Am Tag danach hatte Jens Hegeler prominente Begleitung an seiner Seite. Den Weg von der Kabine zum Trainingsplatz legte er zusammen mit John Heitinga zurück. Heitinga redete auf seinen Kollegen ein – und auf den ersten Blick sah es so aus, als weihte ein erfahrener Innenverteidiger mit mehr als 80 Länderspielen, mit Stationen in England und Spanien, einen noch unbedarften Kollegen in die Kunst des richtigen Verteidigens ein. Aber der erste Blick muss nicht immer der richtige sein.
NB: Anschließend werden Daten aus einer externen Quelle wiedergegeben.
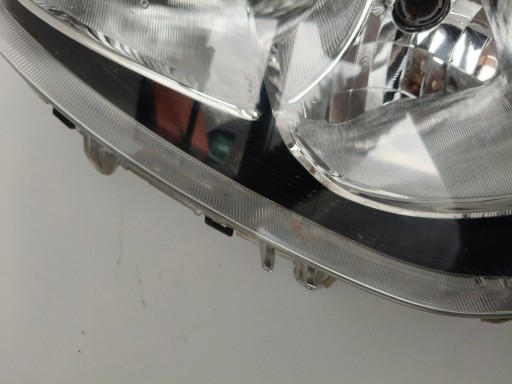 LAMPA FAR DESNA STRANA MITSUBISHI SPACE STAR 13-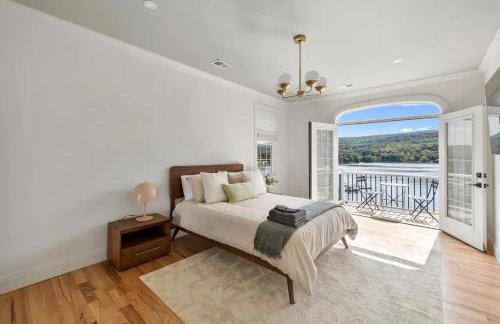 Lakeview Villa with Private Hot Tub, Firepit & Breathtaking Cliff Views - Foto 2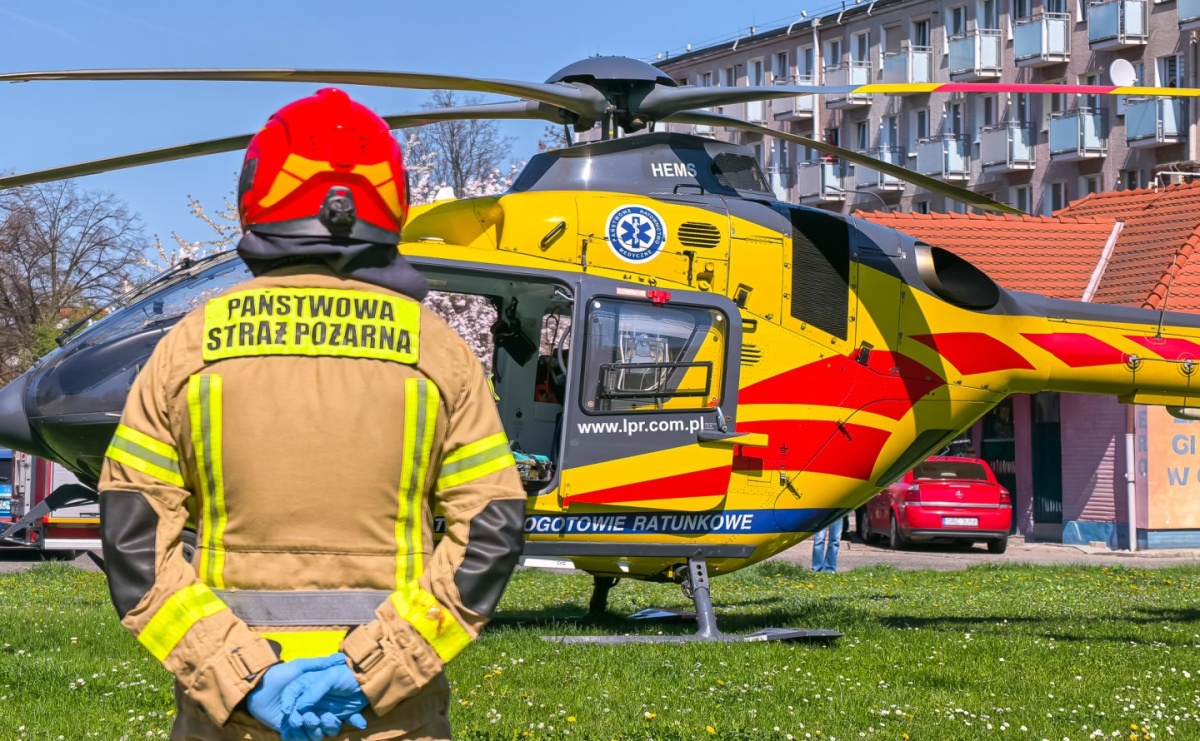 Akcja ratunkowa w centrum Raciborza. Dwie osoby poparzone, lądował śmigłowiec LPR [FOTO i WIDEO] - Serwis informacyjny z Raciborza - naszraciborz.pl
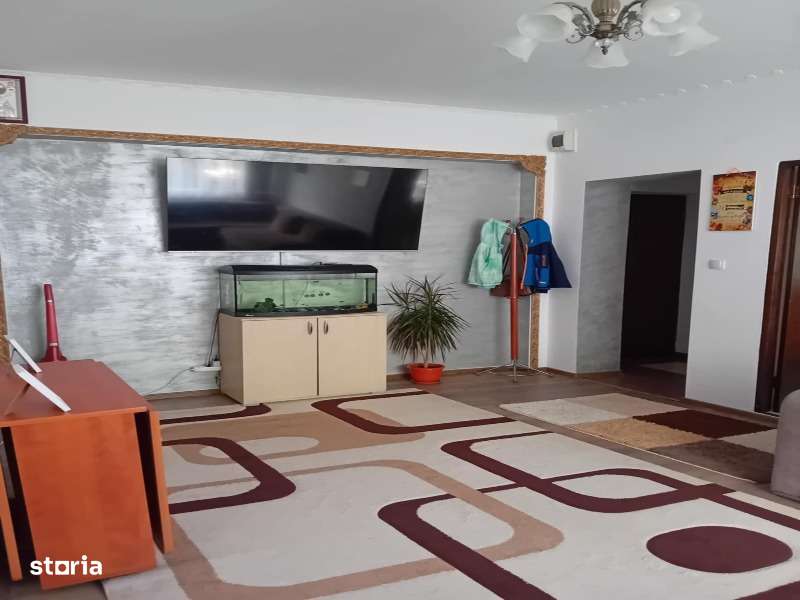 Apartament 3 camere de vanzare Bucium - Imagine principală: 1/14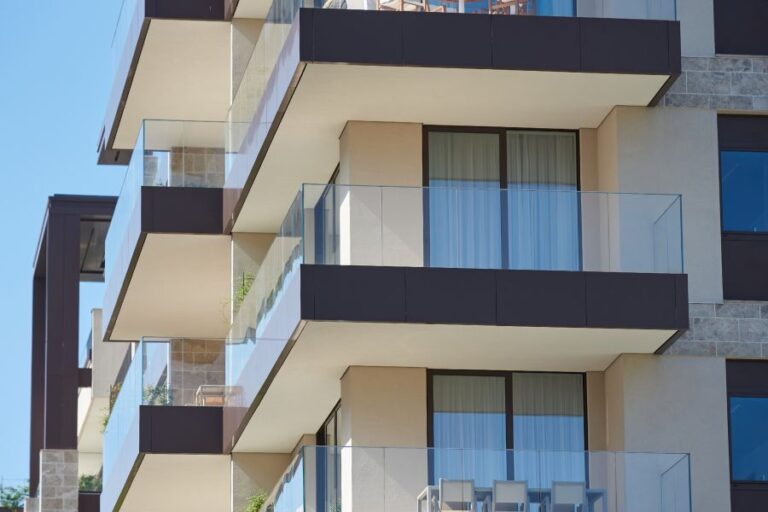 garde corps vitré minimaliste balcon appartement securite metzger nancy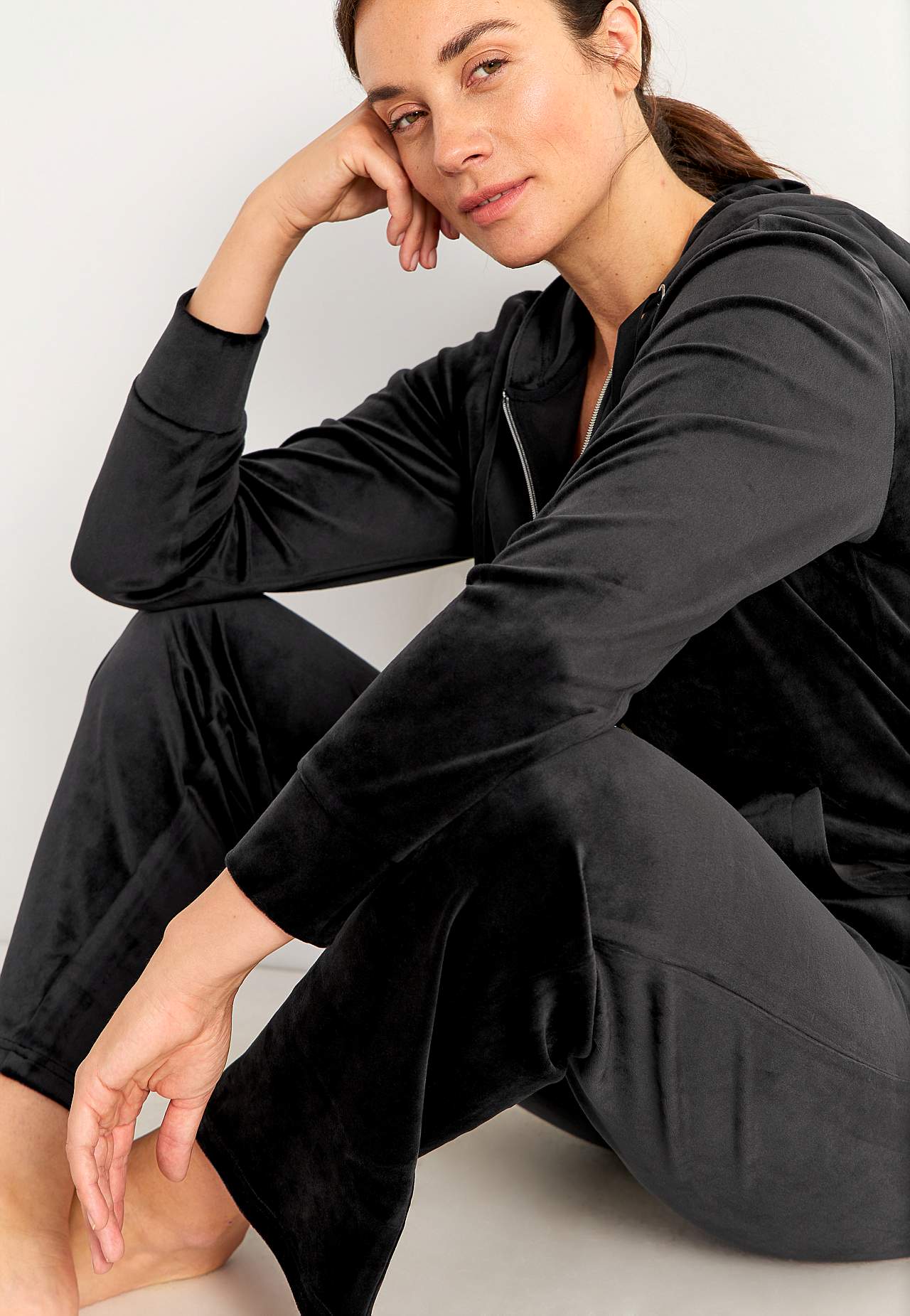 Zweiteiliges Velour-Set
Am Tag zuvor, beim ersten Auswärtssieg von Hertha BSC seit neun Monaten, hatte Heitinga trotz heftiger Personalsorgen in der Abwehr nur auf der Bank gesessen. Die zentrale Verteidigung bildeten John Anthony Brooks und – Jens Hegeler, ein gelernter Mittelfeldspieler. „Er hat es mehr als gut gemacht“, sagte Jos Luhukay, der Trainer des Berliner Fußball-Bundesligisten, nach dem 2:1-Erfolg beim 1. FC Köln. Hegeler zählte zu den besten Spielern der Berliner. „Er war stabil, gut im Aufbauspiel und stark in den Zweikämpfen“, fand Luhukay. Hegeler gewann 80 Prozent seiner direkten Duelle, 83 Prozent seiner Zuspiele brachte er an den Mann.

Mit dieser Bilanz erwies sich der 26-Jährige als Schlüsselfigur für Luhukays Matchplan. „Bevor man offensiv etwas bewerkstelligt, muss man defensive Stabilität haben“, sagte Herthas Trainer. Gegen den Aufsteiger ließen die Berliner kaum etwas zu. Drei gefährliche Situationen registrierte Luhukay in 90 Minuten, und es war kein Zufall, dass die Kölner zwischenzeitlich zum Ausgleich kamen, als Jens Hegeler zum ersten Mal seinen Posten verlassen hatte und weit vorne in der gegnerischen Hälfte zu finden war.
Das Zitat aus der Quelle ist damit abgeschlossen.